The activation mechanism of initiator caspases is still not fully understood. Initiator caspases are inactive monomeric zymogens and they require signal mediated dimerization in order to become active. In general, this is initiated by the recruitment of the caspase to a signaling complex. Caspases bind the complex through prodomain-mediated homotypic interactions, and caspase recruitment to the complex triggers proximity-induced dimerization and activation of the caspase molecule. Dimerization triggers autoproteolytic cleavage in the inter-subunit linker that results in the separation of the small and large subunit. The additional cleavage of the linker between the prodomain and the large subunit releases the active caspase from the complex which consist of a tetrameric structure of the two small subunits surrounded by the two large subunits. The two heterodimers interact with each other predominantly through the interaction between the small subunits. The association of the subunits generates two active sites in the mature caspase molecule and it is proposed that each site function autonomously.

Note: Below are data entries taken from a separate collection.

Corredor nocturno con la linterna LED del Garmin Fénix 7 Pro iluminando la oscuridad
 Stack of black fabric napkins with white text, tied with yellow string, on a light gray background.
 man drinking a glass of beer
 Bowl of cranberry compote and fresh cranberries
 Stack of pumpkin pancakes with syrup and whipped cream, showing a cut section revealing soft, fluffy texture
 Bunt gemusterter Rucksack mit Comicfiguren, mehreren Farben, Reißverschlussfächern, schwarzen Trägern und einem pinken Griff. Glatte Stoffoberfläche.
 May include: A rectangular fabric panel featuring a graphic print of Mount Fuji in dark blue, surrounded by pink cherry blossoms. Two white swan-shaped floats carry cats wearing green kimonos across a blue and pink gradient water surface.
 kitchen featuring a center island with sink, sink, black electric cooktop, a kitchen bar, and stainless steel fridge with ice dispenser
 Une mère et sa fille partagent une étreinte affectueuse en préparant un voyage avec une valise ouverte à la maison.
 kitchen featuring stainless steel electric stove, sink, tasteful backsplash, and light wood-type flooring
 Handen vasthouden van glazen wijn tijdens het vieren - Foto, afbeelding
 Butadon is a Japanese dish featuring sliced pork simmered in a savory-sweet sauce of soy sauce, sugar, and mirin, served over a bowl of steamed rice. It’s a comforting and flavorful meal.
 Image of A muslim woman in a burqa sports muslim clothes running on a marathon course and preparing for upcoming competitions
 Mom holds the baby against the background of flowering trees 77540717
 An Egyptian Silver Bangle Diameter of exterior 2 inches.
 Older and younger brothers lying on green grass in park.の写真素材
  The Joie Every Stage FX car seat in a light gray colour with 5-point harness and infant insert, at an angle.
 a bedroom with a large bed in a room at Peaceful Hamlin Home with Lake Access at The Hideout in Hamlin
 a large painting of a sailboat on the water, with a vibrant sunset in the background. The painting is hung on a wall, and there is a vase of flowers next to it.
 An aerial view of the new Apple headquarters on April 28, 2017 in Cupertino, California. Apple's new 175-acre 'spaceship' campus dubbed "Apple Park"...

The requirement of dimerization or/and proteolytic cleavage for the activation of caspases is still under debate. For example, dimerization, but not cleavage is required for Caspase-8 function in T-cell proliferation whereas cleavage of Caspase-8 is required for induction of apoptosis. It is proposed that proteolytic cleavage stabilizes Caspase-8 to achieve adequate stability to function in the cytosol after its release from the complex. So far, it is not understood if the differences in the activation process trigger the diverse function of Caspase-8 in apoptotic and non-apoptotic processes. The specific requirements for Caspase-9 activation are still unclear since some studies suggested that cleavage and dimerization are not required for the full activation of Caspase-9. Similarly, the Caspase-9 ortholog Dronc appears to only require dimerization, and while cleavage occurs during apoptosis, it is not essential for Dronc activation. The molecular activation mechanism of the non-apoptotic initiator caspase Dredd, which is considered the Caspase-8 ortholog, is unknown.
While a lot of effort has been made to understand caspase activation in the process of apoptosis, further research is necessary to determine more details of caspase activation and how differences in their activation process might mediate the opposing physiological function in apoptosis, survival, and differentiation.